Confidence is the first word I learned to elucidate self esteem. This was from a book which I believe was called “Confronting the myth of self esteem” which started with kids getting a badge that said “I am loveable”. They said it is better to say “I am loved.” There was also a weird parable about how love is for giving to other people, not heaping on yourself. I see confidence as a spiritual fruit of humility, charity and virtue. (Doctrine and Covenants 121:45. It is somewhat the opposite of self indulgence. This was very characteristic of my 12 step recovery years. I was gentle on myself, but what I considered my spiritual self, not the self that the world markets to.

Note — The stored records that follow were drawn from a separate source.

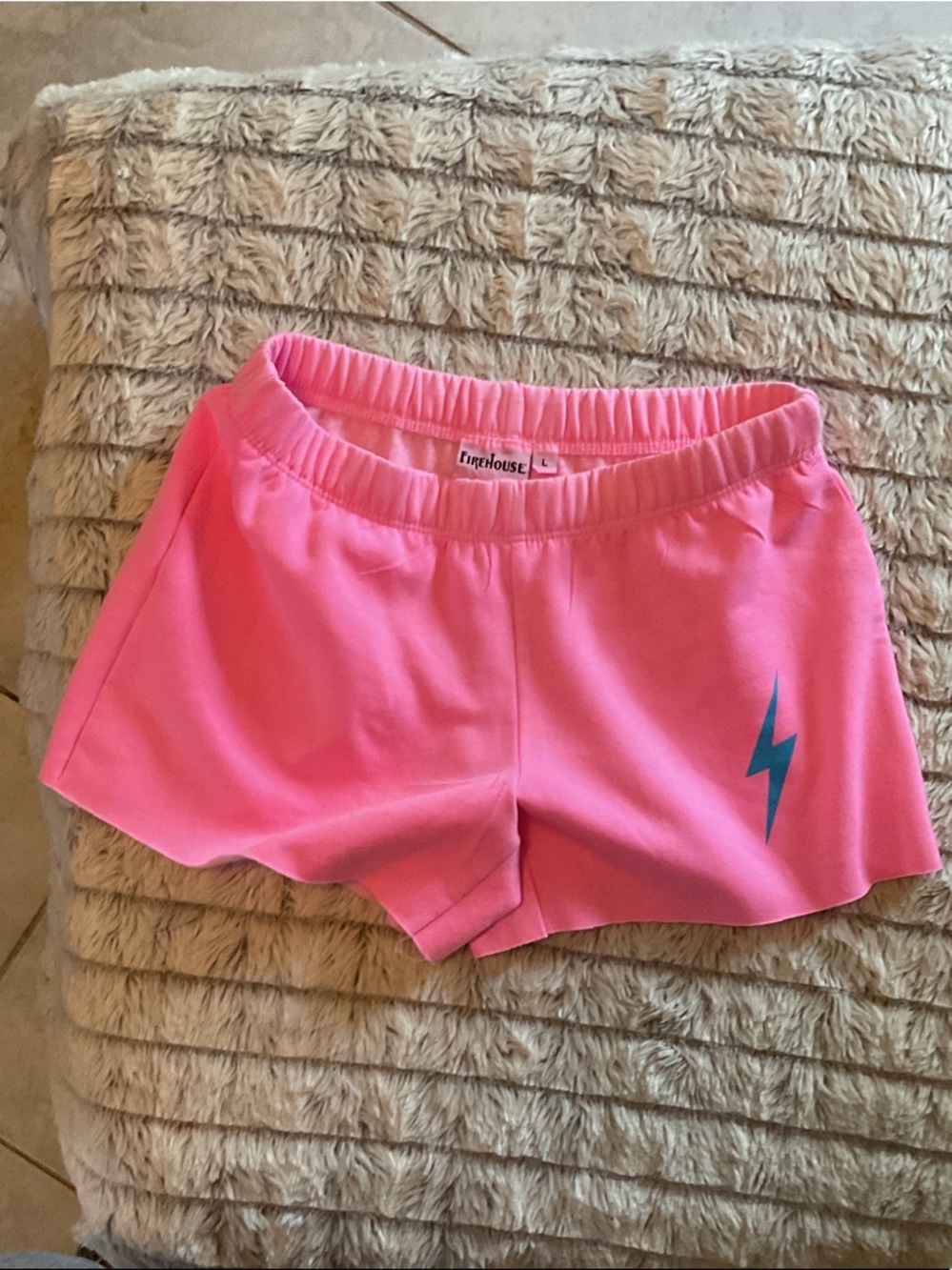 Firehouse Pink Athletic Shorts with Blue Bolt Accent
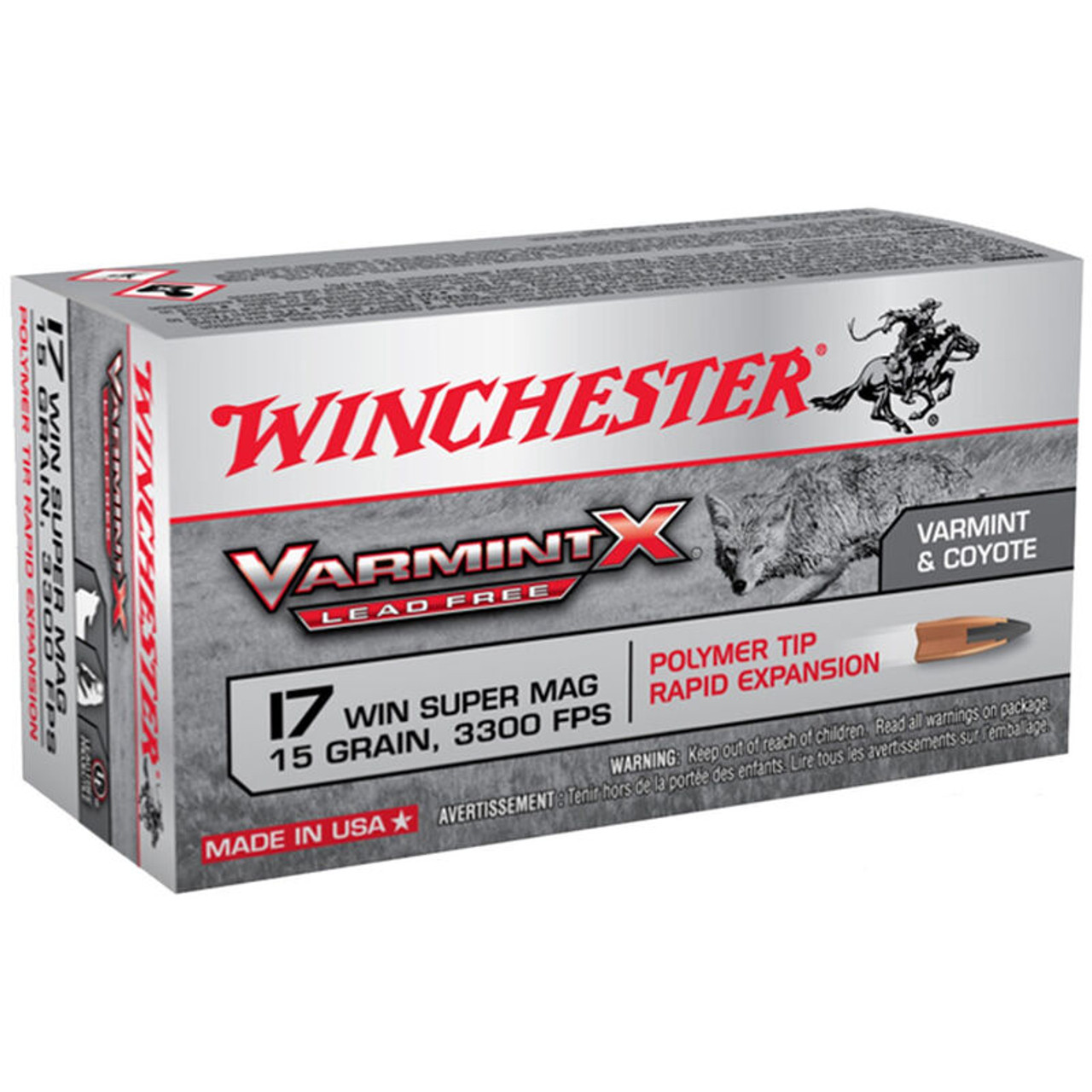 Winchester Varmint X 17 WSM 15 Grain Polymer Tip Ammo - Kinsey's Outdoors
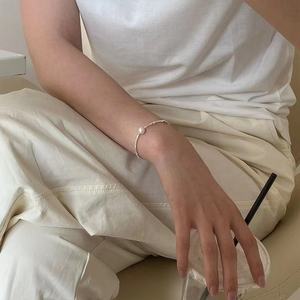 INS Dainty Cute 925 Sterling Silver Shinning Choker Bracelet with Pearl Pendant Jewelry <strong>Bangles</strong> - Product Image 5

The a few years ago, nearly several now, I got involved in lifestyle change. I worked a lot on finding positive motivations rather than being tough on myself. I came across the idea of self care in a talk my brother in law (an LMFT) gave on the idea of loving yourself. He also talked about self worth as an understanding that you are unique. He was more convincing than that probably sounds. He presented it as a compliment to self efficacy.
So I was very interested in self care for the next couple of years, that we have a need to be involved in taking care of ourselves. Though it has come to my attention that my husband thinks I am too self sufficient. This goes back to the 12 step recovery, which I started out with overeating but eventually worked on codependency. As I conceived of it, self care is about what you are moving toward rather than what you are escaping. It fills a need we have to be developing and growing. I think this is a spiritual need, though you see it in humanist psychology. I guess it depends on what you think the target of development is.
I had misunderstood self efficacy to be about external results. But it’s actually a theory where belief that you can do something increases your ability to do it, which leads to improved results, which in turn increases your belief. So it incorporates both practicality, but also “belief” which is a word I struggle with. I guess in my own history belief is the early stages of faith. But when used in behavioral science, I don’t really know what it’s supposed to mean. It smacks of magic feathers and placebos. I know the effect is real, but it is too often allied with illusion. I prefer words like expectation and trust. I guess faith is spiritual, expectation is mental, trust is emotional but belief is… I don’t know.
Maybe that’s why I struggle with stuff. If faith is knowledge of things which are not seen which are true, it’s as if belief is the same but for things that are not true, or if I want to be generous, not yet true. To believe a pill or magic feather will work puts belief in an external agent. Believing in yourself is another matter, though. I guess it is the word Morpheus uses toward the end of the Matrix. And of course Vitruvius brings it back to the knowledge that you are unique.